Some of you may also already know that he was my cousin. His father, Roman, was my great-grandmother Elzbieta’s (and namesake’s) cousin. This makes us second cousins twice removed; “cousin” or “Uncle Henryk” for short.
I only discovered this a few years ago, in the summer of 2007. Mom and I were browsing the CDs in Barnes and Noble when she found his tab. “Górecki… I think we’re related.” “What!?” “Yeah, your great-grandmother was a Górecki before she got married.” We (mostly she) did some research, attempting with varying degrees of success to reconstruct the family tree back into Poland.
Meanwhile, I was flatly embarrassed I had never heard any of his music. On the recommendation of one of my best and most knowledgeable friends, I picked up the CDs of his 3rd Symphony and 3rd String Quartet. I listened to the Quartet first. I decided to contact him.
Whether any of my letters ever got through, I’ll never know. I never got a response. I went through three different contacts at Boosey and Hawkes.
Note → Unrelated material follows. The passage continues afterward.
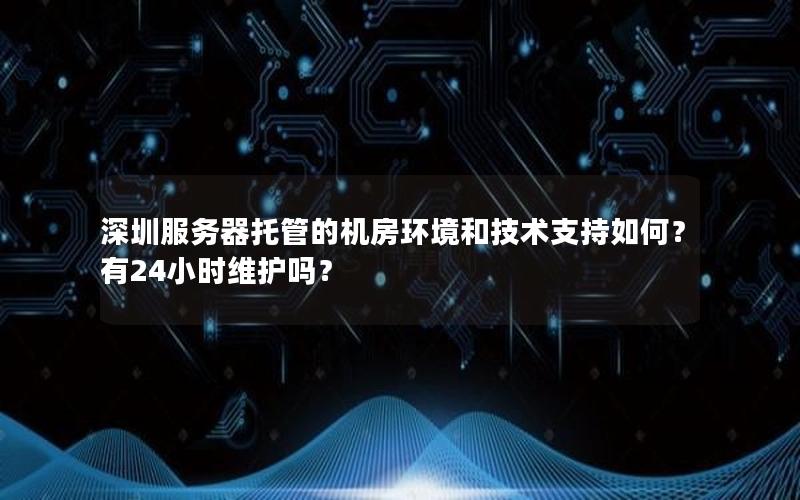 深圳服务器托管的机房环境和技术支持如何？有24小时维护吗？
I even attempted contacting the Kronos Quartet – whose publicist actually responded to me with a fourth contact, for which I am to this day grateful.
I could go on about the family resemblance between him and my mom; about the research and presentation I did on the 3rd Symphony; about the many new friends I’ve made in appreciation of this great and humble man, some of whom I’ve never met; about how his Amen for choir is one of my favorite pieces.
But what I’d really like to say is, although I’ve never spoken to him, and although I don’t know that he was aware of my existence, I will miss him. Announcing our relation was a great party trick and got lots of attention, but more than that, I felt some kind of a connection, a humble pride. I looked up to him. He and his music were the validation of beautiful simplicity. And knowing he was there, across the ocean, gave me the strength to do the same.
May you rest in peace, and may perpetual light shine upon you. You will be sorely missed, Uncle Henryk.